Examples of Basic Allowance for Housing (BAH)/Overseas Housing Allowance (OHA) and Travel Voucher Fraud
BAH, OHA, and Travel Voucher fraud prosecutions uncover recurring, similar patterns, such as, but certainly not limited to:
- Bogus rental agreements
- False home of record information
- Family living in low-cost area – but claiming high-cost address
- Fake marriages / Falsified marriage documents
- Divorces never reported to base finance office and/or DFAS
- False claim of having dependents
- Claiming elevated numbers of dependents
- False travel claims
- Inflated number of trips
- Mileages inflated / Trip distances exaggerated
- False requests for reimbursement
OHA Example – Claiming a spouse w/dependents at overseas posting
Here’s an illustrative example — contrived, but all-too-possible:
A US servicemember falsifies his residence location and arranged a sham marriage to purposefully defraud the government of BAH entitlements. Many real OHA frauds involve marrying foreign nationals while on deployment and working every-possible angle for maximum enrichment. By marrying a U.S. servicemember, the foreign national will then qualify to apply for U.S. citizenship and receive a military dependent identification card. A servicemember who claims that their foreign spouse lives in a higher cost foreign country (or the U.S.) qualifies for a higher amount of housing allowance.

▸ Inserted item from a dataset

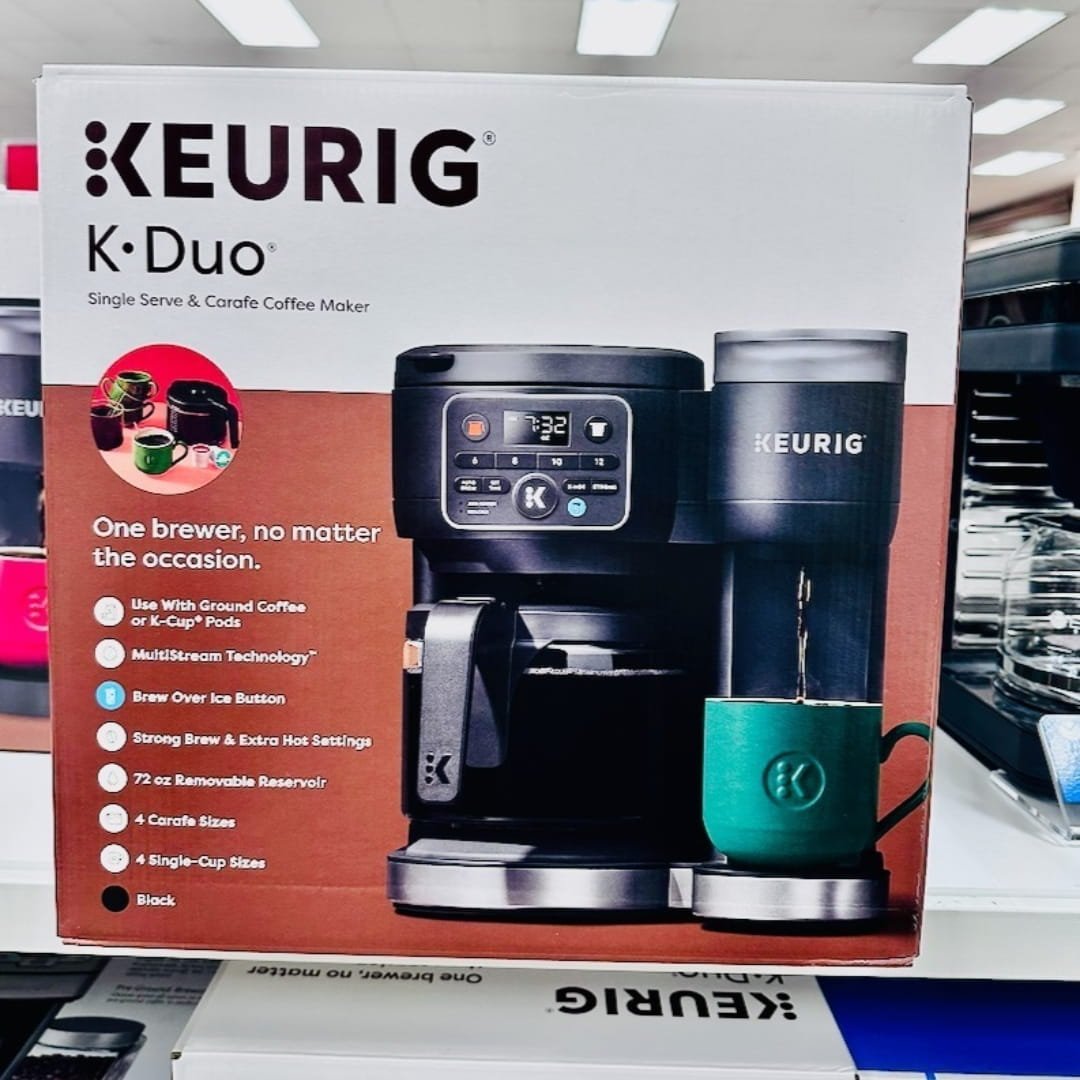 Keurig K-Duo coffee maker retail box showcasing a black machine with a carafe on one side and a single-serve brewer on the other, featuring highlights like MultiStream Technology, Brew Over Ice, and compatibility with ground coffee and K-Cup pods.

In the Philippines, an E-7 claiming dependents can get $2,877 per month in OHA payments plus $879 for Utility and Maintenance Allowance according to the Overseas OHA calculator totaling $3,756 ($45,000 per year) from U.S. Taxpayers. According to international income statistics, consider that the average annual salary for workers in the Philippines is a meager $4,000 per year. An armed forces member, with a sham family claiming local housing arrangements, could easily pocket a significant windfall through Larcenous actions.
Measurable upswing in BAH Fraud and OHA Fraud in recent years
Statistics indicate that there has been a substantial increase in BAH fraud and OHA fraud cases. The majority of these recorded cases involve amounts stolen ranging from $15,000 to $60,000. The armed forces offenders are equally represented from both enlisted and officer ranks.

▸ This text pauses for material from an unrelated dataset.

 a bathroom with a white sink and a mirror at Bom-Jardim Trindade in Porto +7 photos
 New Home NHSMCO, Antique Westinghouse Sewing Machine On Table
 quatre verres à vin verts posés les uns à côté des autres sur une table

BAH Fraud and OHA Fraud are prosecuted under False Official Statements and Larceny statues.
In order to be convicted, the government must prove that the servicemember completed the necessary allowance claim forms with the “intent to deceive.” In short, it is not sufficient for the government to simply show that the servicemember completed the form(s) incorrectly, but that the servicemember filled out evidentiary documents with the intent to deceive.
Moreover, to be found guilty of the crime of Larceny, the government must prove that the servicemember received money that he or she knew they were not entitled to receive yet consciously chose to keep that money with the intent of never returning it.